◆ Problem description ◆
Using the entries that follow, write out the line containing "椎间盘突出症的诊断与治疗", the line containing "حرکات جنین در رحم، از سه ماهه اول تا سوم (3)", and every line between them, exactly and nothing else.

◆ Records supplied ◆
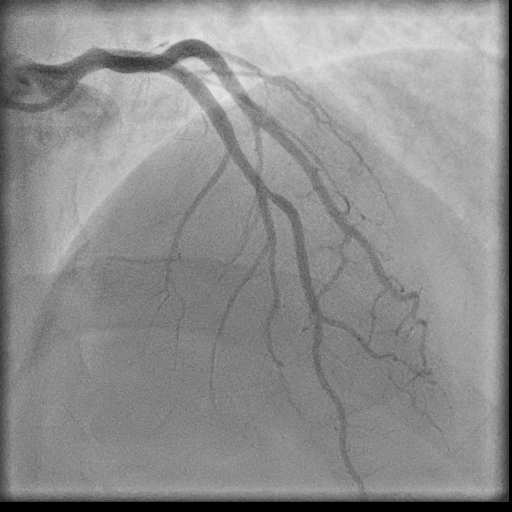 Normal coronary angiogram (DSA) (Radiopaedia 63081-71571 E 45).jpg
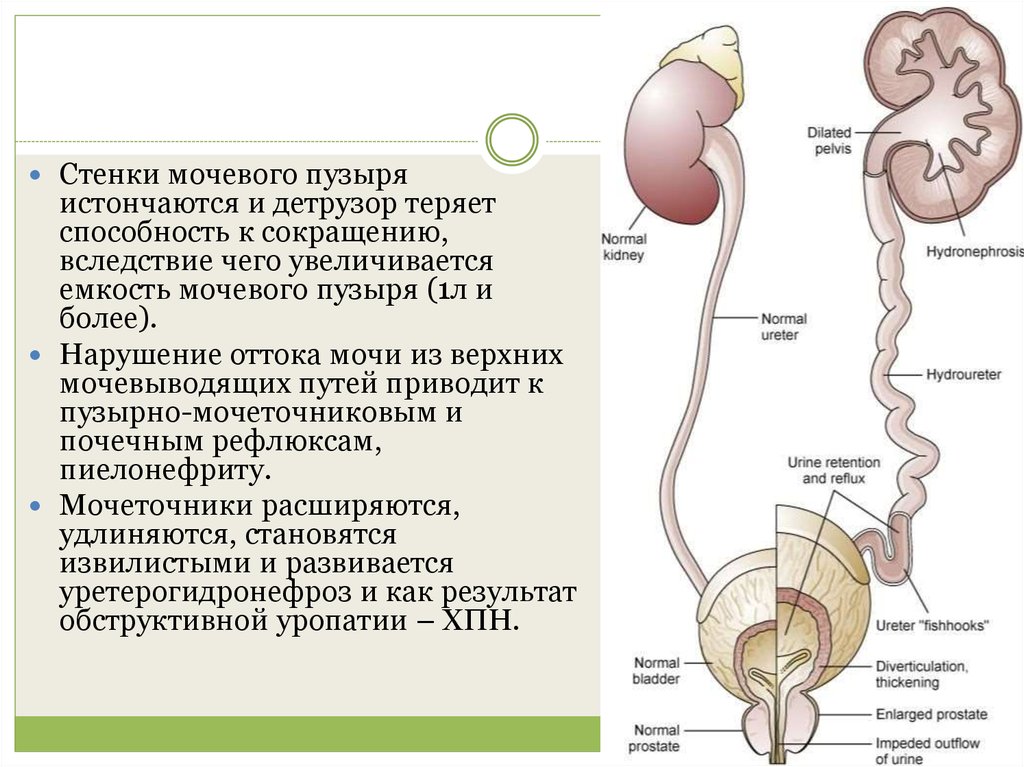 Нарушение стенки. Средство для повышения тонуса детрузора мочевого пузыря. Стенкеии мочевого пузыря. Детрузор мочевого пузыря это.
...
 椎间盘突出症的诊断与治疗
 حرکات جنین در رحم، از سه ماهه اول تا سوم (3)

◆ Reply to the exercise ◆
 椎间盘突出症的诊断与治疗
 حرکات جنین در رحم، از سه ماهه اول تا سوم (3)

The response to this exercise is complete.